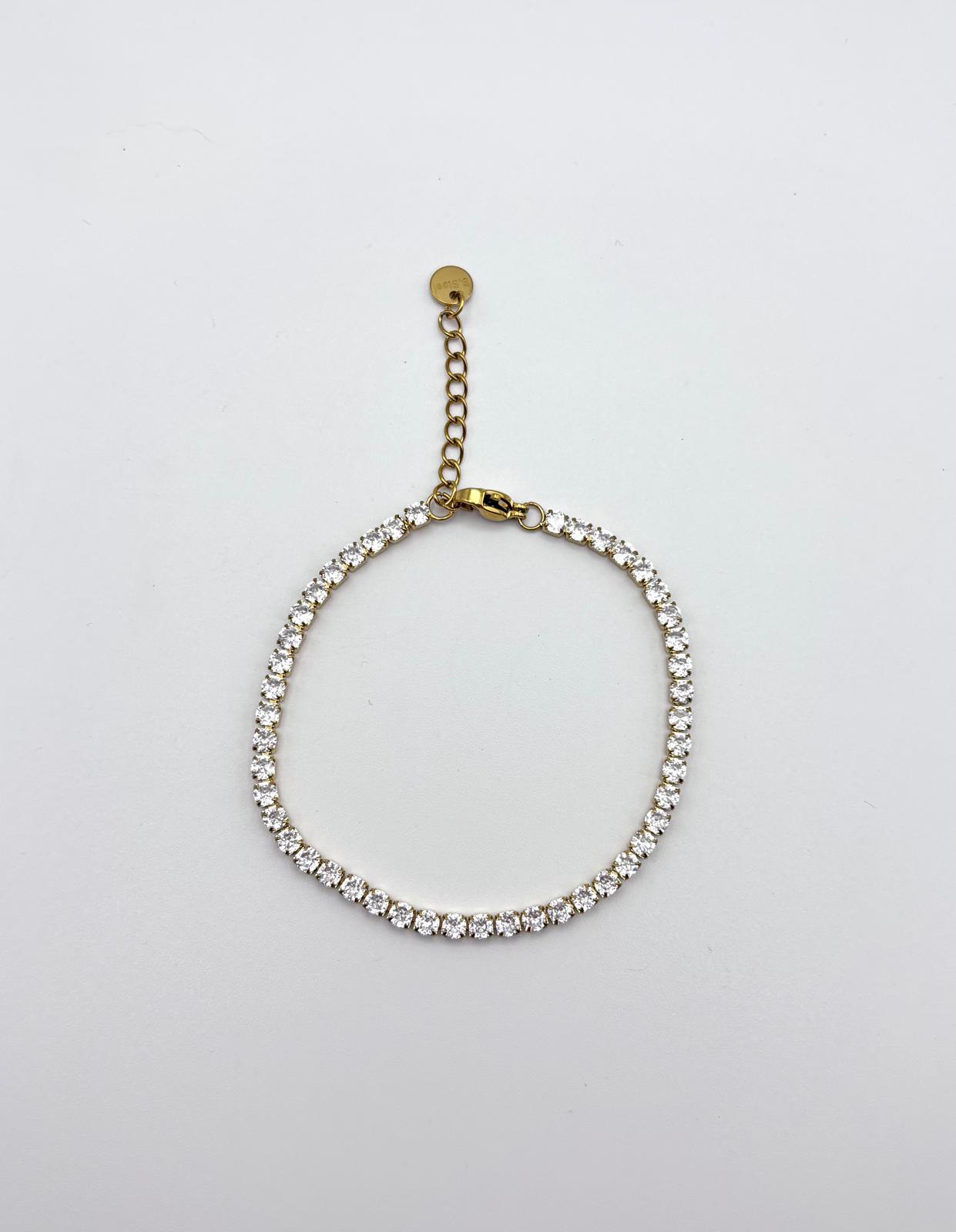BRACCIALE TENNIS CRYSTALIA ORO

--

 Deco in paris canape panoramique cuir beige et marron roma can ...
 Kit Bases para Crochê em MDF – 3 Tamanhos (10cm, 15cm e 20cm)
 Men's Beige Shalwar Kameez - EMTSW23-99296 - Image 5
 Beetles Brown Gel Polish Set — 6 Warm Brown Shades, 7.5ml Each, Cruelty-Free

▸ To do
Given the records above, return exactly the lines starting at the line containing "Deco in paris" and ending at the line containing "Beetles Brown Gel", including both.

▸ Output of the exercise
 Deco in paris canape panoramique cuir beige et marron roma can ...
 Kit Bases para Crochê em MDF – 3 Tamanhos (10cm, 15cm e 20cm)
 Men's Beige Shalwar Kameez - EMTSW23-99296 - Image 5
 Beetles Brown Gel Polish Set — 6 Warm Brown Shades, 7.5ml Each, Cruelty-Free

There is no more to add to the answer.